After doing a lot of research I picked the Secteur. I bought the Secteur because of the aluminum frame and the mounts for panniers. This bike is to be used as my touring bike. I love this frame. I cannot speak to the components as I immediately changed all components to Ultegra 6600. I wanted quicker and more defined shifting, so that is why I changed them out. I love the geometry of this bike. I have already put hundreds of miles on it. The longest ride being 90 miles. There have been no problems with the bike. I own a Roubaix pro and the geometry is almost identical. Though the Secteur is heavier then the Roubaix, it does not feel it.

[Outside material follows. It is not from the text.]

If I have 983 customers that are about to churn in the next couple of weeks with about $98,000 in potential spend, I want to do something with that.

It feels stiff and reacts to every push of the pedals. I would definitely buy this bike again.


----------



## hontors (Oct 4, 2009)

I ordered the Sectuer Elite Compact this afternoon. Looking forward to picking it up!!


----------



## easyridernyc (Jan 10, 2008)

good choice, that cannondale is a nice bike though...

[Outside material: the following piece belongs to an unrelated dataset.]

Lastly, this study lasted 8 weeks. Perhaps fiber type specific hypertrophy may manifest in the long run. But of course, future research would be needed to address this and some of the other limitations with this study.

the A1 has an interesting history, lbs tried to get me to buy it on the Allez Elite instead of the E-5 i wound up getting a couple years ago. i kept asking the cat, yo, what is the difference, what is the difference, and he kept hemming and hawwing...so finally i said f uck you and found another lbs. and man, i love that frame with the columbus tubing. the new e is meant to be even faster....

if i were gonna use ultegra to upgrade a new specialized frame, on the one hand it would probably be a new E5, not an A1. on the other, you probably cant go wrong with new specialized technology on an intermediate level aluminum frame...i think the 010 specialized line has a lot of variety and value, with the compact 105 you got yourself a nice ride there son. enjoy let us know how it works out


----------



## thew60 (Oct 3, 2009)

After test riding many of the endurance type bikes, I finally bought the Secteur Comp. I tried the elite and the comp, and after riding the comp, I could not go back to the elite. Big difference in the ride (at least I thought so) AND the LBS gave me a deal on the Comp i couldn't refuse. 
I LOVE the bike and am looking forward to many miles...


----------



## PJ352 (Dec 5, 2007)

thew60 said:


> After test riding many of the endurance type bikes, I finally bought the Secteur Comp. I tried the elite and the comp, and after riding the comp, I could not go back to the elite. Big difference in the ride (at least I thought so) AND the LBS gave me a deal on the Comp i couldn't refuse.
> I LOVE the bike and am looking forward to many miles...


Congrats on the new bike! :thumbsup: 

Ride often and ride safe, but remember, until we see pics....


----------